Where the listing below has a line with "Toyota Sienna 2023: Redefining", write out exactly that line and every line after it, stopping after the line with "House for sale".

-- Task input --
━━━━

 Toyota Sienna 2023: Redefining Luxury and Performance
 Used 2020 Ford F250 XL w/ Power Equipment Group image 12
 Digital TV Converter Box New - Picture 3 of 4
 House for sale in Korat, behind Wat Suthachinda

━━━━

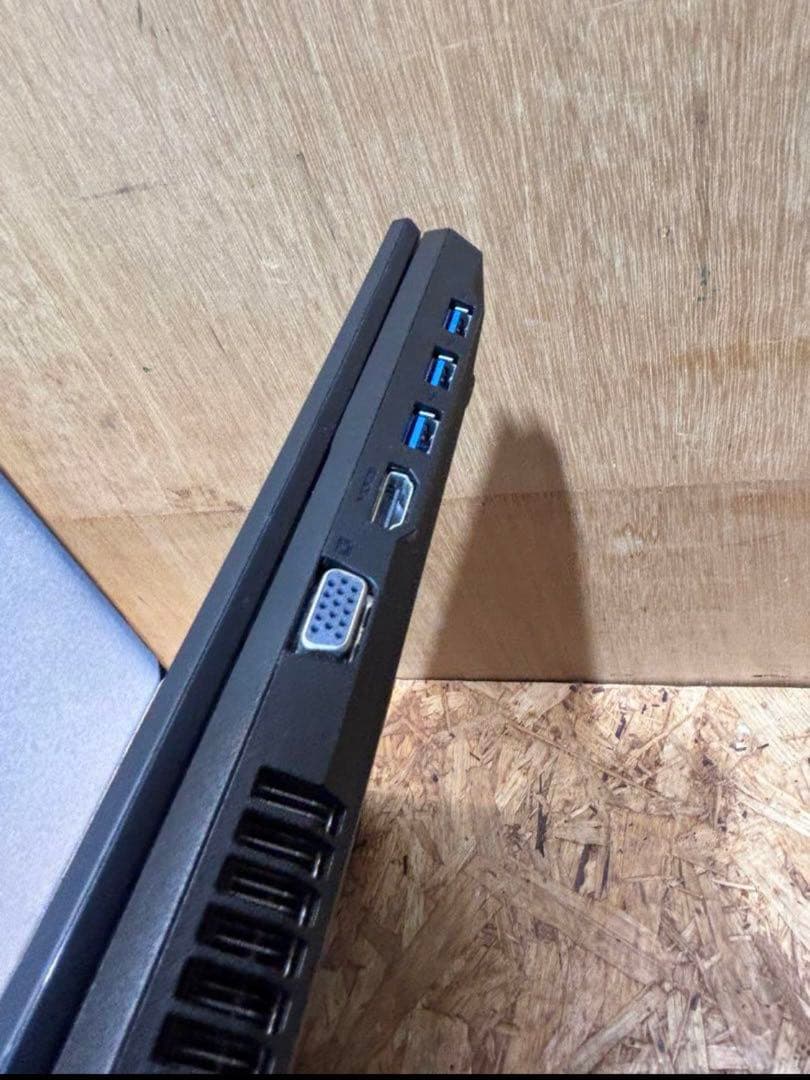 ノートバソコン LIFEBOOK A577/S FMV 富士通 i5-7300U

━━━━

-- Reply --
 Toyota Sienna 2023: Redefining Luxury and Performance
 Used 2020 Ford F250 XL w/ Power Equipment Group image 12
 Digital TV Converter Box New - Picture 3 of 4
 House for sale in Korat, behind Wat Suthachinda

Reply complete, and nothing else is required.